### [TASK TO COMPLETE]
No pictures belong in the copy. Retype exactly, and only, the stretch of lines below from the one with "Eclipse 2024 Ohio" through the one with "Whales in the".

### [SOURCE INFORMATION]
------------------------------------------------------------
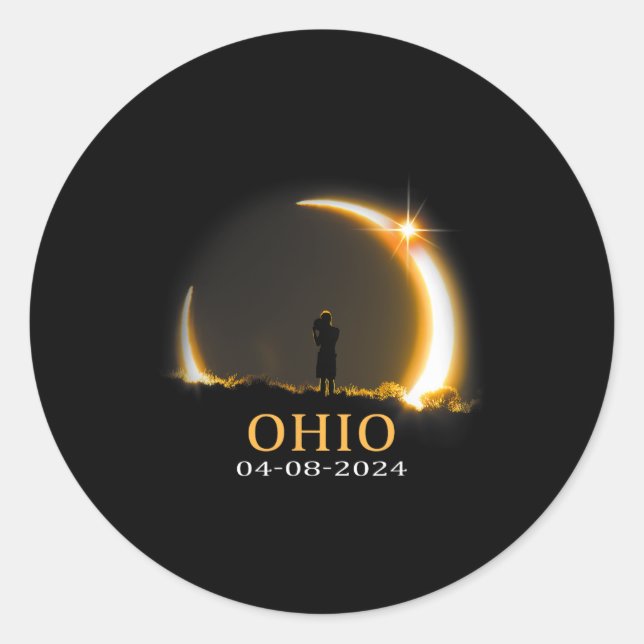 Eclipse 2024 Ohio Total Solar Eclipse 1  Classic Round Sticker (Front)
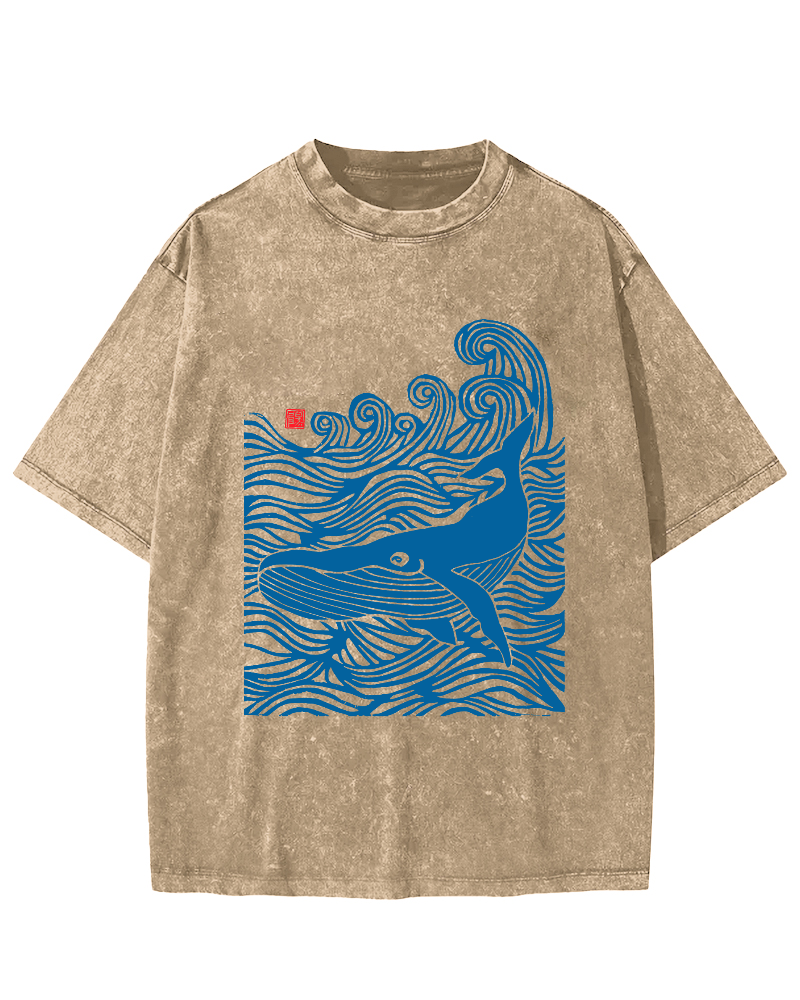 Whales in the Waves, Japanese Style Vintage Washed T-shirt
------------------------------------------------------------
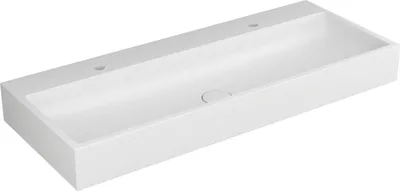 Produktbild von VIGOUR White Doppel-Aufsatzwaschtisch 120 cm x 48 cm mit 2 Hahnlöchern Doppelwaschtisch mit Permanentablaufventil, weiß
------------------------------------------------------------
### [FINISHED TASK]
 Eclipse 2024 Ohio Total Solar Eclipse 1  Classic Round Sticker (Front)
 Whales in the Waves, Japanese Style Vintage Washed T-shirt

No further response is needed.